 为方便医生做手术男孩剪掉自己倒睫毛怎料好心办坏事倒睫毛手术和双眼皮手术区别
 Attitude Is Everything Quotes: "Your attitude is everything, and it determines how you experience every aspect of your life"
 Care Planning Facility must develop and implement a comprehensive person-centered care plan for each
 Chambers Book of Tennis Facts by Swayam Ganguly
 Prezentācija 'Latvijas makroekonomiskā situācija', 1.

◆ ◆ ◆ ◆

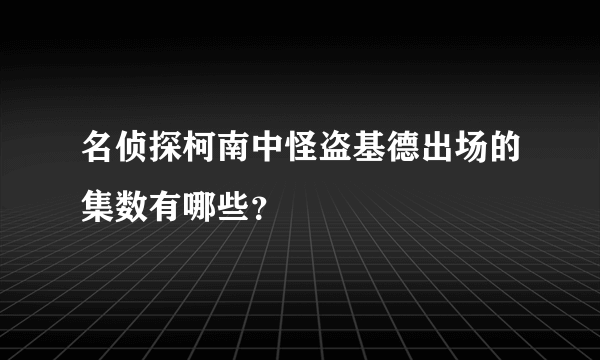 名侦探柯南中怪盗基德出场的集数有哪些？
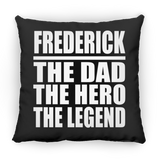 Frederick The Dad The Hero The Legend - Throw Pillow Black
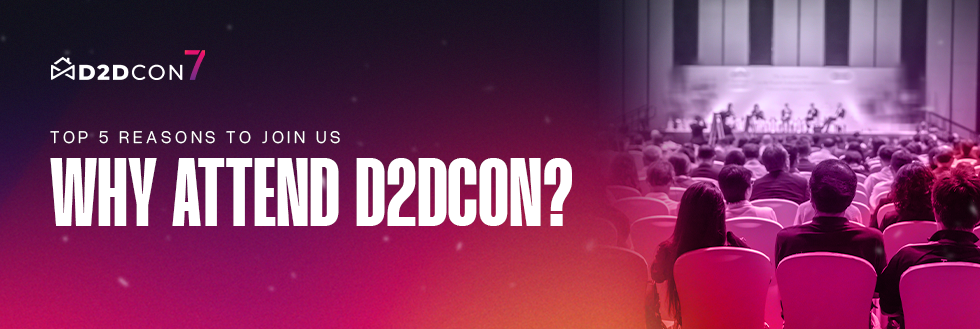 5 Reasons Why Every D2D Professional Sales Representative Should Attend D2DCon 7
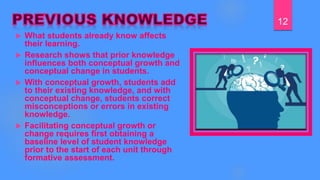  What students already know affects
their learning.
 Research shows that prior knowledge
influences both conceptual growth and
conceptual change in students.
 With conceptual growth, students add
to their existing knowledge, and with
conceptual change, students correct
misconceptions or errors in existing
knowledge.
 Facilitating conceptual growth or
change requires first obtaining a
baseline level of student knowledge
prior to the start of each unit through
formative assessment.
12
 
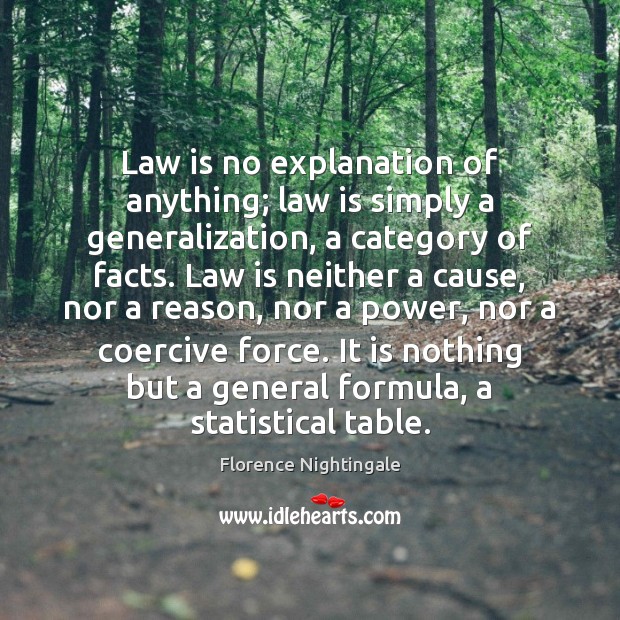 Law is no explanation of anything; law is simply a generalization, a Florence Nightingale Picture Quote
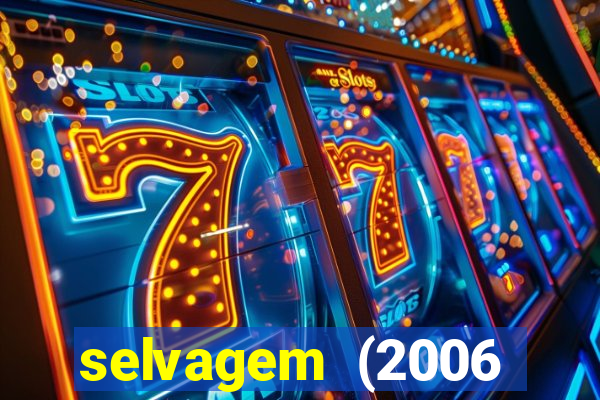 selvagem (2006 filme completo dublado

◆ ◆ ◆ ◆

WHAT YOU NEED TO DO ::
Would you transcribe the lines above exactly, going from the line bearing "influences both conceptual growth and" through the line bearing "selvagem (2006 filme completo dublado", and drop the pictures from the copy?

RESPONSE BELOW ::
influences both conceptual growth and
conceptual change in students.
 With conceptual growth, students add
to their existing knowledge, and with
conceptual change, students correct
misconceptions or errors in existing
knowledge.
 Facilitating conceptual growth or
change requires first obtaining a
baseline level of student knowledge
prior to the start of each unit through
formative assessment.
12
 
 Law is no explanation of anything; law is simply a generalization, a Florence Nightingale Picture Quote
 selvagem (2006 filme completo dublado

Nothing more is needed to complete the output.